Selçuklu dönemi bilim insanı El-Cezeri’ye atfedilen bu eşsiz eser, yaklaşık 900 yıldır güneşin gölgesiyle zamanı göstermeye devam ediyor. Modern saatlerin gölgesinde unutulmaya yüz tutan bu yöntem, ziyaretçileri tarihle birebir temas ettiriyor.
Ulu Cami’nin taş avlusunda yer alan güneş saati, basit ama son derece hassas bir sistemle çalışıyor. Güneş ışınlarının metal çubuk üzerinden düşürdüğü gölge, mermer zemin üzerindeki işaretlere göre zamanı belirliyor. Yüzyıllar önce geliştirilen bu sistem, dönemin bilimsel birikimini ve mühendislik zekâsını gözler önüne seriyor.

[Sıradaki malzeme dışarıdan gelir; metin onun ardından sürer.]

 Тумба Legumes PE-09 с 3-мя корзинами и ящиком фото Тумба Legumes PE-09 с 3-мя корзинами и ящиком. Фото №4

Tarihi güneş saati, yerli ve yabancı turistlerin de yoğun ilgisini çekiyor. Camiyi ziyaret edenler, saatin önünde durarak gölgenin hareketini izliyor, cep telefonlarıyla fotoğraf ve video çekiyor. Birçok ziyaretçi, modern teknolojinin bu kadar geliştiği bir çağda hâlâ işlevini sürdüren bu eserin şaşkınlık ve hayranlık uyandırdığını dile getiriyor.
Diyarbakır Ulu Cami’deki güneş saati, yalnızca zamanı ölçen bir araç değil; aynı zamanda Anadolu’da bilimin, sanatın ve inancın yüzyıllar boyunca nasıl iç içe geçtiğinin somut bir kanıtı. Gölgesiyle zamanı anlatan bu sessiz tanık, Diyarbakır’ın zengin tarihini bugünün insanına anlatmaya devam ediyor.